→ PROBLEM TO SOLVE
The data should be printed in full, character for character.
Start of RECORD EXTRACTS
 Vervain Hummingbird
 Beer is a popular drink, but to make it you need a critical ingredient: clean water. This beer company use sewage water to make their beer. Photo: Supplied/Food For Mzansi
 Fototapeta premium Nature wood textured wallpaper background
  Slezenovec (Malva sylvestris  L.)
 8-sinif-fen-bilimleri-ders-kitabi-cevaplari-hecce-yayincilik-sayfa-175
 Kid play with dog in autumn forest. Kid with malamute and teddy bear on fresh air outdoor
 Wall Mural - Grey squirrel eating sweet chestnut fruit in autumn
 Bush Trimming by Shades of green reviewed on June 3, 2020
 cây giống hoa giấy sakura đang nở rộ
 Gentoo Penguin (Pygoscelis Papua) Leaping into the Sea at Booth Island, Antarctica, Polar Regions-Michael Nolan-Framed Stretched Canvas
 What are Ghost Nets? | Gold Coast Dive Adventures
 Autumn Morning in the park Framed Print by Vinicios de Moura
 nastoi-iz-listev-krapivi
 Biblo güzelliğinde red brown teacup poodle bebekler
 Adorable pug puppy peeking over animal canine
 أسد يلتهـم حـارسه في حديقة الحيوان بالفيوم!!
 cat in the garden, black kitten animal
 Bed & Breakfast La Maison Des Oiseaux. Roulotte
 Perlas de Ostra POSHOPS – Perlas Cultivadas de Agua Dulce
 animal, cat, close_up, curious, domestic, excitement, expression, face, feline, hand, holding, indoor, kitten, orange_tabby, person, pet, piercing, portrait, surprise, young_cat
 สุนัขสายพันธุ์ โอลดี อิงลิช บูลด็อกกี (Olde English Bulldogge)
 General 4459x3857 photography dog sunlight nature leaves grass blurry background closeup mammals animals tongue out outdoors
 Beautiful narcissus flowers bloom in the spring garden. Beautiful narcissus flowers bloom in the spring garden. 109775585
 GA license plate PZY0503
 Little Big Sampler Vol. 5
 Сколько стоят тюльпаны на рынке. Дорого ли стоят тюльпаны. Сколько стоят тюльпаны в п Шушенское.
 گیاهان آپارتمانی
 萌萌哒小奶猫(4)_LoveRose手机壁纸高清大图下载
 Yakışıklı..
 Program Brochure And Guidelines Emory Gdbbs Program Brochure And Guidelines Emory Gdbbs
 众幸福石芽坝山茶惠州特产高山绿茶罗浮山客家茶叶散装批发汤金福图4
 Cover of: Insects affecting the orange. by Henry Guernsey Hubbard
End of RECORD EXTRACTS
→ EXERCISE RESPONSE
 Vervain Hummingbird
 Beer is a popular drink, but to make it you need a critical ingredient: clean water. This beer company use sewage water to make their beer. Photo: Supplied/Food For Mzansi
 Fototapeta premium Nature wood textured wallpaper background
  Slezenovec (Malva sylvestris  L.)
 8-sinif-fen-bilimleri-ders-kitabi-cevaplari-hecce-yayincilik-sayfa-175
 Kid play with dog in autumn forest. Kid with malamute and teddy bear on fresh air outdoor
 Wall Mural - Grey squirrel eating sweet chestnut fruit in autumn
 Bush Trimming by Shades of green reviewed on June 3, 2020
 cây giống hoa giấy sakura đang nở rộ
 Gentoo Penguin (Pygoscelis Papua) Leaping into the Sea at Booth Island, Antarctica, Polar Regions-Michael Nolan-Framed Stretched Canvas
 What are Ghost Nets? | Gold Coast Dive Adventures
 Autumn Morning in the park Framed Print by Vinicios de Moura
 nastoi-iz-listev-krapivi
 Biblo güzelliğinde red brown teacup poodle bebekler
 Adorable pug puppy peeking over animal canine
 أسد يلتهـم حـارسه في حديقة الحيوان بالفيوم!!
 cat in the garden, black kitten animal
 Bed & Breakfast La Maison Des Oiseaux. Roulotte
 Perlas de Ostra POSHOPS – Perlas Cultivadas de Agua Dulce
 animal, cat, close_up, curious, domestic, excitement, expression, face, feline, hand, holding, indoor, kitten, orange_tabby, person, pet, piercing, portrait, surprise, young_cat
 สุนัขสายพันธุ์ โอลดี อิงลิช บูลด็อกกี (Olde English Bulldogge)
 General 4459x3857 photography dog sunlight nature leaves grass blurry background closeup mammals animals tongue out outdoors
 Beautiful narcissus flowers bloom in the spring garden. Beautiful narcissus flowers bloom in the spring garden. 109775585
 GA license plate PZY0503
 Little Big Sampler Vol. 5
 Сколько стоят тюльпаны на рынке. Дорого ли стоят тюльпаны. Сколько стоят тюльпаны в п Шушенское.
 گیاهان آپارتمانی
 萌萌哒小奶猫(4)_LoveRose手机壁纸高清大图下载
 Yakışıklı..
 Program Brochure And Guidelines Emory Gdbbs Program Brochure And Guidelines Emory Gdbbs
 众幸福石芽坝山茶惠州特产高山绿茶罗浮山客家茶叶散装批发汤金福图4
 Cover of: Insects affecting the orange. by Henry Guernsey Hubbard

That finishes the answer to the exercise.